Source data
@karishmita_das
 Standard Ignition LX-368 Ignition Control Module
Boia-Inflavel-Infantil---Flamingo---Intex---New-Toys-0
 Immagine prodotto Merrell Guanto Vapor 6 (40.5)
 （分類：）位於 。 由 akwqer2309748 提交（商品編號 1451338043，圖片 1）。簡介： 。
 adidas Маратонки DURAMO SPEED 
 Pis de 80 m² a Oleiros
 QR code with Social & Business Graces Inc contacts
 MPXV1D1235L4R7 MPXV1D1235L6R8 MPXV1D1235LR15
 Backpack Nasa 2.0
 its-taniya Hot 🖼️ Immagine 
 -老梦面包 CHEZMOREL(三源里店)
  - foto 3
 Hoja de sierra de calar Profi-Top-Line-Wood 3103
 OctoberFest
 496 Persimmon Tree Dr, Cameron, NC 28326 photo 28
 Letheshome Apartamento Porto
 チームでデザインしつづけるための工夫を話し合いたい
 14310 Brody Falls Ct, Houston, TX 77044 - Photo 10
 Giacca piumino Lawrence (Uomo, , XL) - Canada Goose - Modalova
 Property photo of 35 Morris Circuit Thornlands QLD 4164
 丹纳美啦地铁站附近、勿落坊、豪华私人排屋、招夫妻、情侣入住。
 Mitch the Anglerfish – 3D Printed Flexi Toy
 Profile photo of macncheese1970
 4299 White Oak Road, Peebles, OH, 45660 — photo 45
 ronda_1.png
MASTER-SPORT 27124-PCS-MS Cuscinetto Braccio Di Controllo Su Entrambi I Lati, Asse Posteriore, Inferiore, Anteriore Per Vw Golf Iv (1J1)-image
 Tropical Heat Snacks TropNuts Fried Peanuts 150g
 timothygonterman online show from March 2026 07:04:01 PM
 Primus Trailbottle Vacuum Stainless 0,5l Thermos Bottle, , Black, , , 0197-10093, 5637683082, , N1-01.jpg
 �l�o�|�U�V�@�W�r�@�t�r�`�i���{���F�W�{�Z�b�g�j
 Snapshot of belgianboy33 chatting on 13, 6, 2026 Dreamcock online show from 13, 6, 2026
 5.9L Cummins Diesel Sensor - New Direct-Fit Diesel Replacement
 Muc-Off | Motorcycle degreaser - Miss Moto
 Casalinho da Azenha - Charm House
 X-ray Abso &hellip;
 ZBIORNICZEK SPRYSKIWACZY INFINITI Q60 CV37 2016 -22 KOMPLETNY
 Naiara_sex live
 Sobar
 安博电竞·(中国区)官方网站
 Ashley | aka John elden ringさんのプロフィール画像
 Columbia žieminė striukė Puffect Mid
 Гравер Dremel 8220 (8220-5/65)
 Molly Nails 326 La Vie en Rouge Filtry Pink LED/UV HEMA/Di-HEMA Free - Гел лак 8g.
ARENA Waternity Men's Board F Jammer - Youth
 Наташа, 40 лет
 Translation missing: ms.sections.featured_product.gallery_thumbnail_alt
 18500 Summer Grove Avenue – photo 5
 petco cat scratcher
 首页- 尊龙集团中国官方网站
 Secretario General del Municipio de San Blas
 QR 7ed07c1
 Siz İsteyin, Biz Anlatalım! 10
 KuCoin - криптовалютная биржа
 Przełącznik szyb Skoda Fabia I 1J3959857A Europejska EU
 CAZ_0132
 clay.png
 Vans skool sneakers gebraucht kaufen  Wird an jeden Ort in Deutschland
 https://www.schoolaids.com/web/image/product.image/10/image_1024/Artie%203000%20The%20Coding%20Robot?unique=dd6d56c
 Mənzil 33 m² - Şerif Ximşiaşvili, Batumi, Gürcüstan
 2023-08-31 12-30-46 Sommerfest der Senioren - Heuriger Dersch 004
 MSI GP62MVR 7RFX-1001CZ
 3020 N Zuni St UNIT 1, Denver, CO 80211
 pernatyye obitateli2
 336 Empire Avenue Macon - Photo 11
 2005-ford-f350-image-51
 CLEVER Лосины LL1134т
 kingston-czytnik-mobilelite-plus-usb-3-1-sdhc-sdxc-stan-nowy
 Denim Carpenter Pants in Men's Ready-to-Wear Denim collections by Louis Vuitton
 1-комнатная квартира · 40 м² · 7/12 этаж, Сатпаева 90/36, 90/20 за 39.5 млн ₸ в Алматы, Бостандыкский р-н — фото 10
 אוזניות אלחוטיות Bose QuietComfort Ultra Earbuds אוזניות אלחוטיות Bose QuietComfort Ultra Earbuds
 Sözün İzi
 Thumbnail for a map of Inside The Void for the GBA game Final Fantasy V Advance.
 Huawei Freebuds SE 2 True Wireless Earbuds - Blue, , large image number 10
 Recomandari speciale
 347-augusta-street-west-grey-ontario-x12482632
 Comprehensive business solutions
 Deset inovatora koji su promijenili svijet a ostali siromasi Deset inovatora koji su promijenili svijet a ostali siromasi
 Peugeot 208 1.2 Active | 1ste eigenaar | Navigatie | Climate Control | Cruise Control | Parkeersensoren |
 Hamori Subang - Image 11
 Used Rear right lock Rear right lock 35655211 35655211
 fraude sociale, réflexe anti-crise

**Task brief**.
Your reply is to repeat, unchanged, the lines above running from the one with "Pis de 80 m² a Oleiros" up to and including the one with "Mənzil 33 m²".

**Task solution**.
 Pis de 80 m² a Oleiros
 QR code with Social & Business Graces Inc contacts
 MPXV1D1235L4R7 MPXV1D1235L6R8 MPXV1D1235LR15
 Backpack Nasa 2.0
 its-taniya Hot 🖼️ Immagine 
 -老梦面包 CHEZMOREL(三源里店)
  - foto 3
 Hoja de sierra de calar Profi-Top-Line-Wood 3103
 OctoberFest
 496 Persimmon Tree Dr, Cameron, NC 28326 photo 28
 Letheshome Apartamento Porto
 チームでデザインしつづけるための工夫を話し合いたい
 14310 Brody Falls Ct, Houston, TX 77044 - Photo 10
 Giacca piumino Lawrence (Uomo, , XL) - Canada Goose - Modalova
 Property photo of 35 Morris Circuit Thornlands QLD 4164
 丹纳美啦地铁站附近、勿落坊、豪华私人排屋、招夫妻、情侣入住。
 Mitch the Anglerfish – 3D Printed Flexi Toy
 Profile photo of macncheese1970
 4299 White Oak Road, Peebles, OH, 45660 — photo 45
 ronda_1.png
MASTER-SPORT 27124-PCS-MS Cuscinetto Braccio Di Controllo Su Entrambi I Lati, Asse Posteriore, Inferiore, Anteriore Per Vw Golf Iv (1J1)-image
 Tropical Heat Snacks TropNuts Fried Peanuts 150g
 timothygonterman online show from March 2026 07:04:01 PM
 Primus Trailbottle Vacuum Stainless 0,5l Thermos Bottle, , Black, , , 0197-10093, 5637683082, , N1-01.jpg
 �l�o�|�U�V�@�W�r�@�t�r�`�i���{���F�W�{�Z�b�g�j
 Snapshot of belgianboy33 chatting on 13, 6, 2026 Dreamcock online show from 13, 6, 2026
 5.9L Cummins Diesel Sensor - New Direct-Fit Diesel Replacement
 Muc-Off | Motorcycle degreaser - Miss Moto
 Casalinho da Azenha - Charm House
 X-ray Abso &hellip;
 ZBIORNICZEK SPRYSKIWACZY INFINITI Q60 CV37 2016 -22 KOMPLETNY
 Naiara_sex live
 Sobar
 安博电竞·(中国区)官方网站
 Ashley | aka John elden ringさんのプロフィール画像
 Columbia žieminė striukė Puffect Mid
 Гравер Dremel 8220 (8220-5/65)
 Molly Nails 326 La Vie en Rouge Filtry Pink LED/UV HEMA/Di-HEMA Free - Гел лак 8g.
ARENA Waternity Men's Board F Jammer - Youth
 Наташа, 40 лет
 Translation missing: ms.sections.featured_product.gallery_thumbnail_alt
 18500 Summer Grove Avenue – photo 5
 petco cat scratcher
 首页- 尊龙集团中国官方网站
 Secretario General del Municipio de San Blas
 QR 7ed07c1
 Siz İsteyin, Biz Anlatalım! 10
 KuCoin - криптовалютная биржа
 Przełącznik szyb Skoda Fabia I 1J3959857A Europejska EU
 CAZ_0132
 clay.png
 Vans skool sneakers gebraucht kaufen  Wird an jeden Ort in Deutschland
 https://www.schoolaids.com/web/image/product.image/10/image_1024/Artie%203000%20The%20Coding%20Robot?unique=dd6d56c
 Mənzil 33 m² - Şerif Ximşiaşvili, Batumi, Gürcüstan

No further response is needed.